Exercise: Use the entries below to count the lines that hold the word "Used"; answer with the number only.

Dataset items:

"""

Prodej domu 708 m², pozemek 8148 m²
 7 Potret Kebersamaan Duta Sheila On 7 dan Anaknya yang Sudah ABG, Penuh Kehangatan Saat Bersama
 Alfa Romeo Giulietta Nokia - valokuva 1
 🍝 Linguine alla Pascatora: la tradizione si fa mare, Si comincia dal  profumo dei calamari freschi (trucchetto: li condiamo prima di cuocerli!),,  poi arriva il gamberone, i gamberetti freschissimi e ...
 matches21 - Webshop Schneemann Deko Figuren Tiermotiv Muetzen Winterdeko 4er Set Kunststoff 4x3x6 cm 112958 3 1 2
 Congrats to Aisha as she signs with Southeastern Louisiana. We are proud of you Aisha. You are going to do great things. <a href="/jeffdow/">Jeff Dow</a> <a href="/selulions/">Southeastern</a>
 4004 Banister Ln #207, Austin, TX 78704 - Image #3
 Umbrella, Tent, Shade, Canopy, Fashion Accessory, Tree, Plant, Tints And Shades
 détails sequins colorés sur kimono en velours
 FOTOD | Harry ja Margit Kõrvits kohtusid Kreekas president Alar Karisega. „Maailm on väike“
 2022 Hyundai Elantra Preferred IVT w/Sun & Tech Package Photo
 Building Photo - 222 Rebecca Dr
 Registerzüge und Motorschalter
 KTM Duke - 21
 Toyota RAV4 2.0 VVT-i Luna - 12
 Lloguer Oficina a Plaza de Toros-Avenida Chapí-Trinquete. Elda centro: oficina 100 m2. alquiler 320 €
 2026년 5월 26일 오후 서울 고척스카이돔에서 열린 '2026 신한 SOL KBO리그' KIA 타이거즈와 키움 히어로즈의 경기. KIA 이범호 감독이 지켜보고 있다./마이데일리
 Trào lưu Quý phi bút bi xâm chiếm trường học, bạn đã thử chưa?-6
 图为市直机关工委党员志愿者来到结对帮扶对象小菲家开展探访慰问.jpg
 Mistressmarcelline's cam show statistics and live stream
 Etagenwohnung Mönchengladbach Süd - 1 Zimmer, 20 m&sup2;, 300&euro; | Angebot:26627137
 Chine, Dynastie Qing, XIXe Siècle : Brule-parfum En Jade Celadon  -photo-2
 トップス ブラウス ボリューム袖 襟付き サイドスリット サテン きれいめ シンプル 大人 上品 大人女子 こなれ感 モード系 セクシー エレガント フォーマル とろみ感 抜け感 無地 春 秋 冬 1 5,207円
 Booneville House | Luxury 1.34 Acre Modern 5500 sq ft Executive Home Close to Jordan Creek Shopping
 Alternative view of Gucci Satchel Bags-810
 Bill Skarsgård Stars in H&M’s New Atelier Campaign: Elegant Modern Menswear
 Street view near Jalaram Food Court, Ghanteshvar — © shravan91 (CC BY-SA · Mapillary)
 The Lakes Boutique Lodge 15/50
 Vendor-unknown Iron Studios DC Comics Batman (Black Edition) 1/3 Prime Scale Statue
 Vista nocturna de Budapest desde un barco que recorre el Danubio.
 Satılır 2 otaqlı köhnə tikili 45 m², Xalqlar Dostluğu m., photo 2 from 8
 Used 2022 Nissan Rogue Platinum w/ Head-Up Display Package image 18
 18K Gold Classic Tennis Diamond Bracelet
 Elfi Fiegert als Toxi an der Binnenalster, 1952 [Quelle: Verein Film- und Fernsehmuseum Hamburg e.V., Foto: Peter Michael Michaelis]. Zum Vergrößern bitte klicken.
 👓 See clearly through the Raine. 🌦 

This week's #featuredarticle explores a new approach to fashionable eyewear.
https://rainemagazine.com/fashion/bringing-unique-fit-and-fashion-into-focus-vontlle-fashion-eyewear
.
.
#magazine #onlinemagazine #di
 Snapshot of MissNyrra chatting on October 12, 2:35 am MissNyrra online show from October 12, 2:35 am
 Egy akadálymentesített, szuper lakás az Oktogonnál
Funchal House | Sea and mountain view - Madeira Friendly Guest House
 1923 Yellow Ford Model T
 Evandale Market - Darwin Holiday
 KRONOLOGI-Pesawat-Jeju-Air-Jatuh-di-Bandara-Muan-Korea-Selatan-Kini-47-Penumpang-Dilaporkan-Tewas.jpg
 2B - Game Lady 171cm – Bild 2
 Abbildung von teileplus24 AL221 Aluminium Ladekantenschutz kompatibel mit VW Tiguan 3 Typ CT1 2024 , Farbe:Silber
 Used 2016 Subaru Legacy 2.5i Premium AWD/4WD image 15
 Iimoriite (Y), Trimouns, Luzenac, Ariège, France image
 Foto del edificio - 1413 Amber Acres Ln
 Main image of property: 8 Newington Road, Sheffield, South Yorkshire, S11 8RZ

"""

Output for this task: 2